# Project: Complexity of coding problems

Investigator: D. Micciancio

Ph.D. students: V. Lyubashevsky, (B. Warinschi)

Other collaborators: V. Guruswami, O. Regev, U. Feige, I. Dumer, M. Sudan, O. Goldreich, S. Safra, J.-P. Seifert

Funding: Micciancio’s NSF CAREER Award, Sloan Research Fellowship, (Hellman Fellowship)

Summary: The goal of this project is to get a better understanding of the computational complexity of coding problems, and their relation to point lattices. Our research on the complexity of coding problems closely mirror our study of point lattices. (See Complexity of lattice problems project page.) As part of this project, we have been investigating the following problems:

### Computing the minimum distance of a Linear Code

The minimum Hamming distance between any two codewords is a fundamental parameter associated to every code, closely related to its error correction capability. Computing the minimum distance of a linear code is the coding theoretic counterpart of the shortest vector problem for point lattices. The NP-hardness of computing the minimum distance exactly was established by Vardy in 1997, but that paper still left open the possibility that the minimum distance can be efficiently approximated arbitrarily well.

• In Hardness of approximating the minimum distance of a linear code, (IEEE Trans. on Information Theory, 2003), D. Micciancio with collaborators I. Dumer and M. Sudan, showed that the minimum distance of a linear code is NP-hard to compute even approximately, within any constant approximation factor. The proof is based on some general ideas from an analogous result for lattices of (Micciancio, SICOMP 2001), but the underlying mathematics is quite different. This paper also establishes inapproximability results for the minimum distance of asymptotically good codes.

### Complexity of Decoding linear codes

The minimum distance decoding problem (usually called nearest codeword problem) is probably the most fundamental computational problem on linear codes. No efficient solution to this problem is known in general, and the problem is known to be NP-hard even to approximate for any constant approximation factor. Typical NP-hardness results for the nearest codeword problem apply only to the most general version of the problem, where one wants to correct arbitrarily many errors in an arbitrary code. In contrast most positive results in algorithmic coding theory apply to specific classes of codes (e.g., Reed-Solomon codes), when the number of errors is limited (e.g., less than half the minimum distance of the code.) In order to get a better understanding of the difficulty of the nearest codeword problem, we investigate the following questions: is the problem still hard if we require the number of errors to be less than the minimum distance of the code? Is it hard if we fix the code in advance and consider consider only the target vector as part of the input instance? Is the problem still NP-hard when restricted to classes of codes of practical interest, e.g. asymptotically good codes?

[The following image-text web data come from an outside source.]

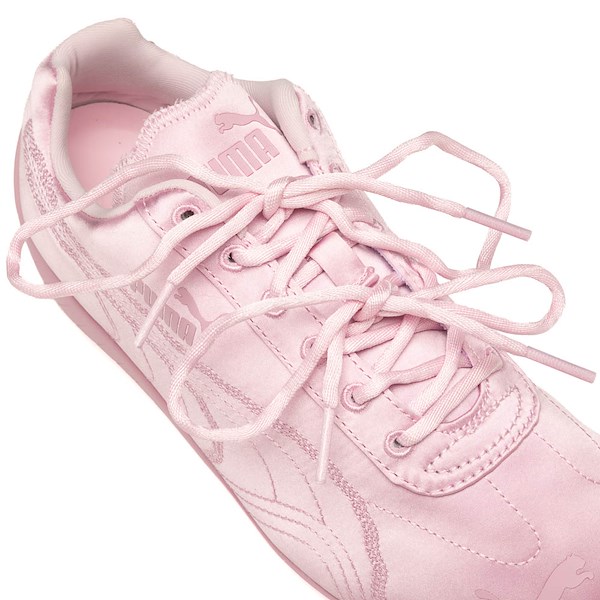 alternate view Womens PUMA Speedcat Venus Athletic Shoe - Pearl PinkALT5B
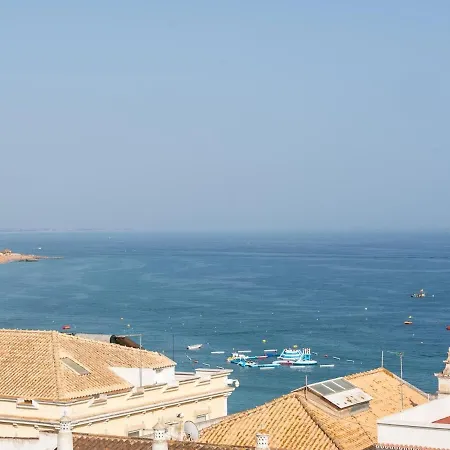 Neptuno Sea View By Ici Algarve * البوفيرا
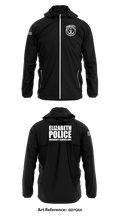 Emergency Service Unit 40804192 Windbreaker - 31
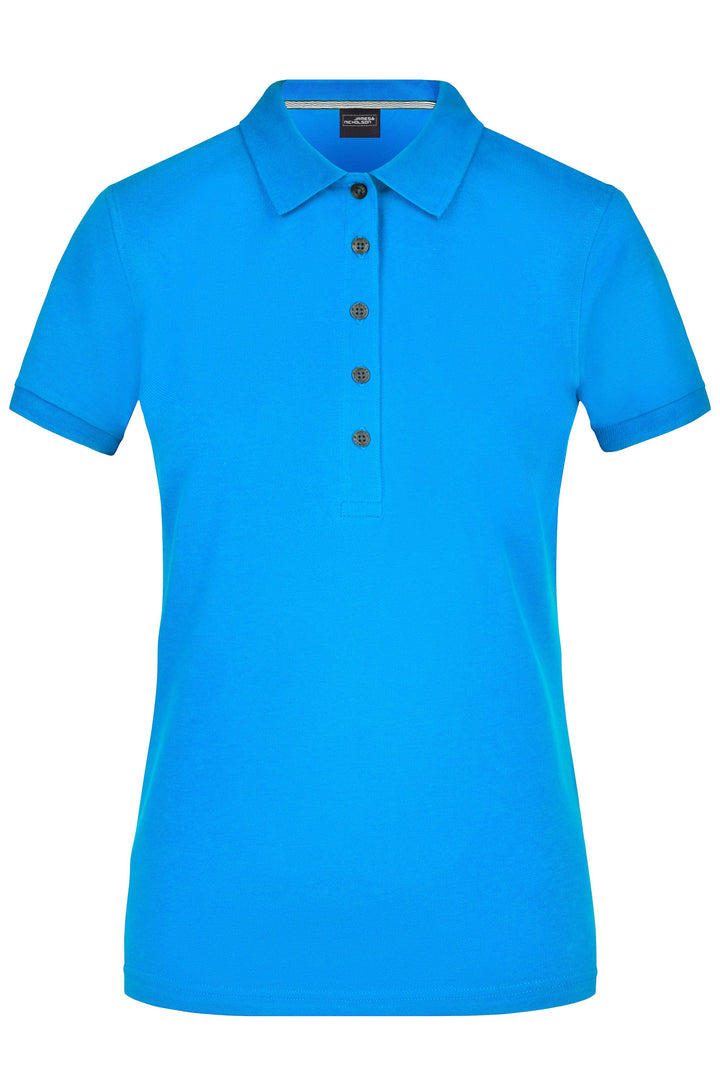 Ladies´ Pima Polo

The hardness of the decoding problem for a fixed family of codes is captured by the Nearest Codeword Problem with Preprocessing (NCPP). The exact version of this problem was proved NP-hard by Bruck and Naor in 1991, but their proof does not extend to inapproximability results.

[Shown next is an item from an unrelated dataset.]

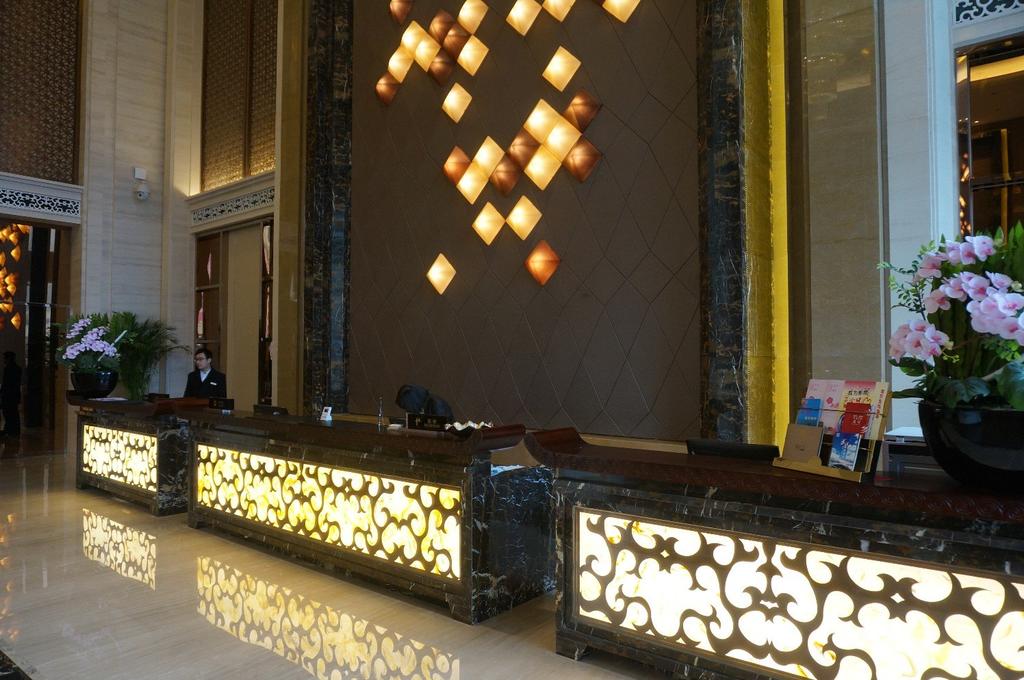 Hubei Zhonghe International Hotel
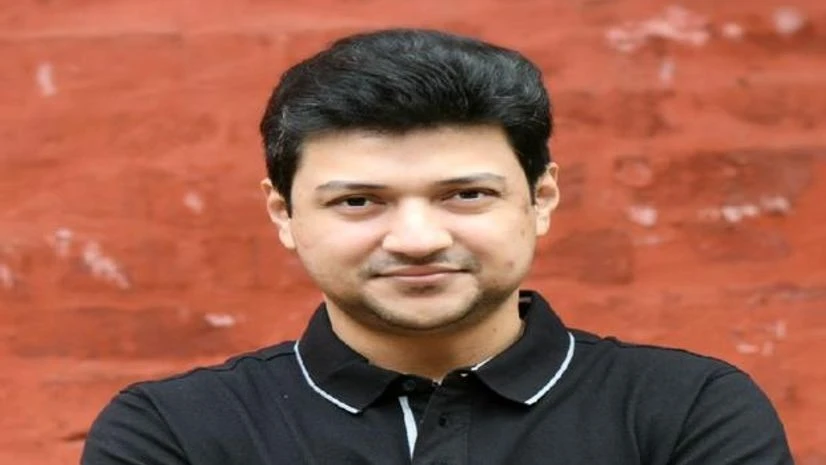 Debdoot Mukherjee, Chief Data Scientist, Meesho, Debdoot Mukherjee, Chief Data Scientist, Meesho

• In The inapproximability of lattice and coding problems with preprocessing (Journal of Computer and System Sciences, JCSS 2004) D. Micciancio and collaborator U. Feige, prove the first inapproximability result for NCPP, showing that approximating NCPP (for codes over GF(q)) is NP-hard for any q and approximation factor up to 5/3. Similar results are obtained for lattices giving a reduction from NCPP to the closest vector problem with preprocessing (CVPP).

For the case of binary codes, our result has been improved to factors up to 3 by Regev. For other fields, our is still the strongest known inapproximability result. Proving the NP-hardness of NCPP for any constant approximation factor is an important open problem in the area.

The complexity of approximating NCP when the number of errors is small in comparison to the minimum distance of the code is captured by the Relatively Near Codeword problem (RNC) introduced in (I. Dumer, D. Micciancio, M. Sudan, IEEE Trans. on IT, 2003).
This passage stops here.